Records to process
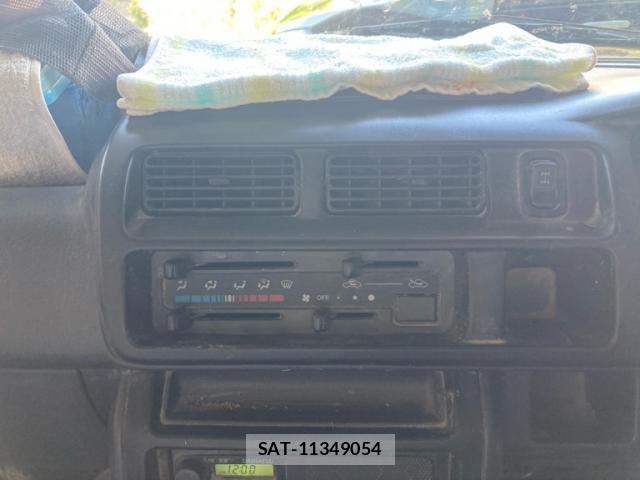 Daihatsu HIJET TRUCK 2000-01 7500880-21
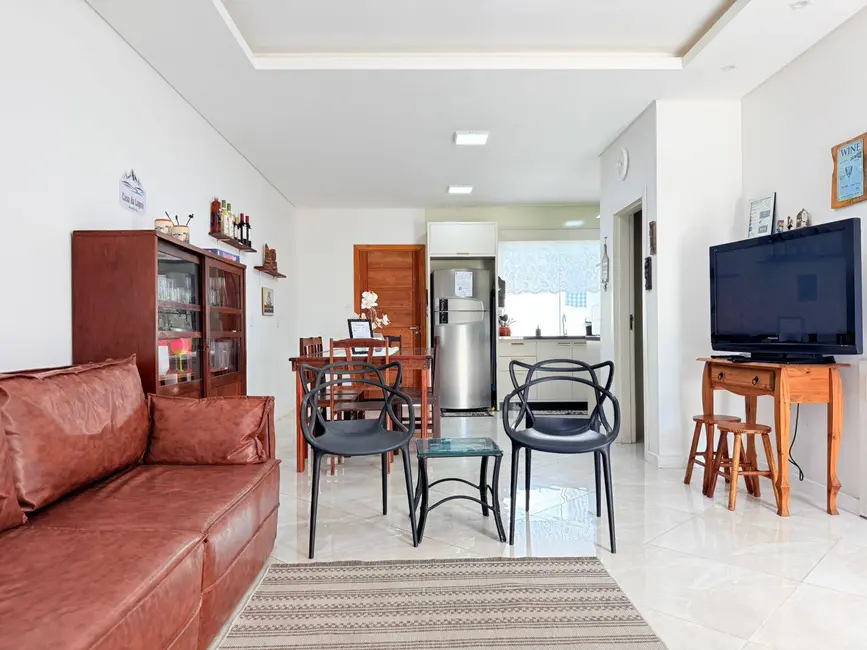 Foto 8 de Sobrado com 3 quartos à venda, 121m2 em Balneario Barra Do Sul - SC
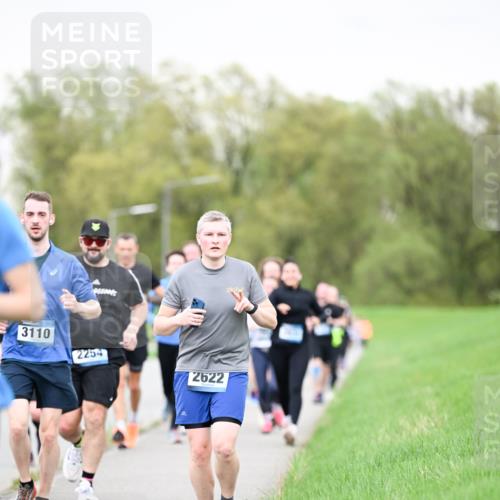 07.04.2024 - 43. Internationalen Wilhelmsburger Insellauf Dr. Thomas Lammeyer http://msf.ph/oto/6041146 07.04.2024 10:37:41 Laufen 3110, 2254, 2622 meine-sportfotos.de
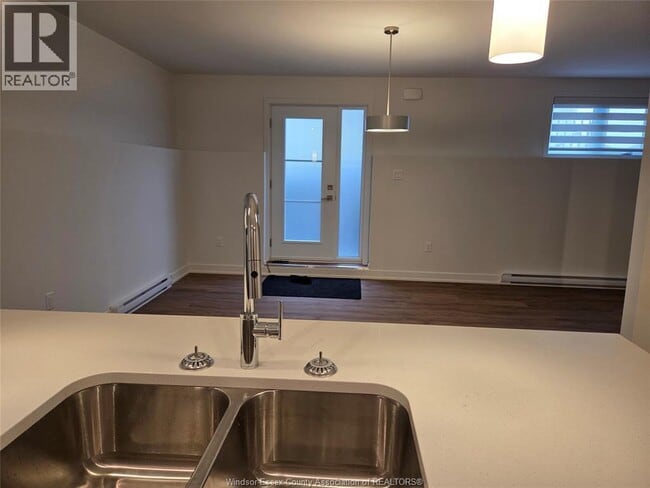 Building Photo - 86 Rutile St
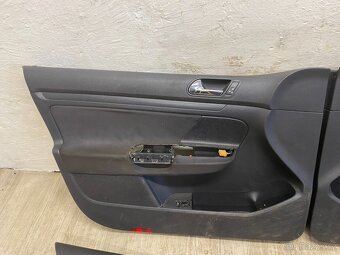 VW GOLF 5 2003-2008 - TAPECIRUNKY ČERNÉ - 2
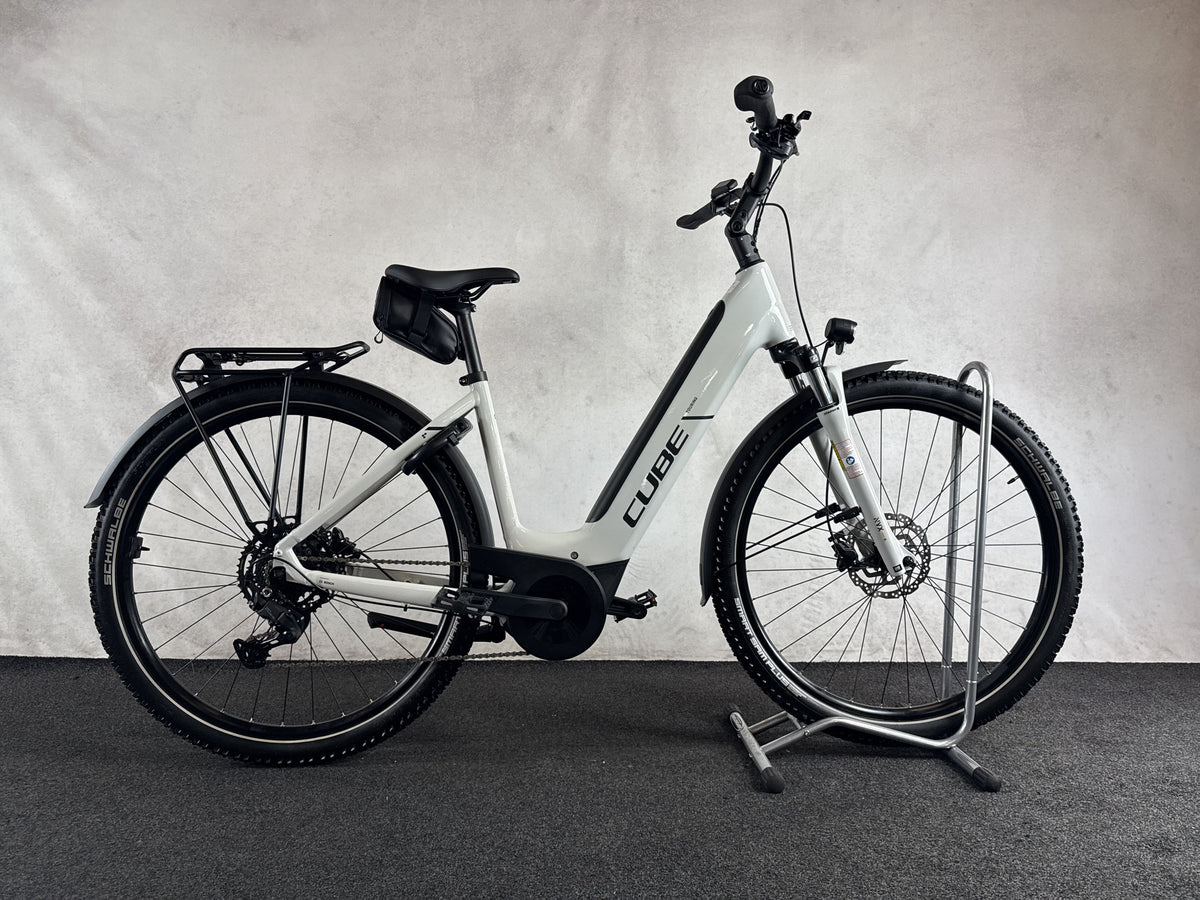 CUBE Touring Hybrid ONE 625 gebraucht – Seitenansicht rechts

Instructions to follow
Please leave the images out and retype the rest of the material exactly.

Result below
 Daihatsu HIJET TRUCK 2000-01 7500880-21
 Foto 8 de Sobrado com 3 quartos à venda, 121m2 em Balneario Barra Do Sul - SC
 07.04.2024 - 43. Internationalen Wilhelmsburger Insellauf Dr. Thomas Lammeyer http://msf.ph/oto/6041146 07.04.2024 10:37:41 Laufen 3110, 2254, 2622 meine-sportfotos.de
 Building Photo - 86 Rutile St
 VW GOLF 5 2003-2008 - TAPECIRUNKY ČERNÉ - 2
 CUBE Touring Hybrid ONE 625 gebraucht – Seitenansicht rechts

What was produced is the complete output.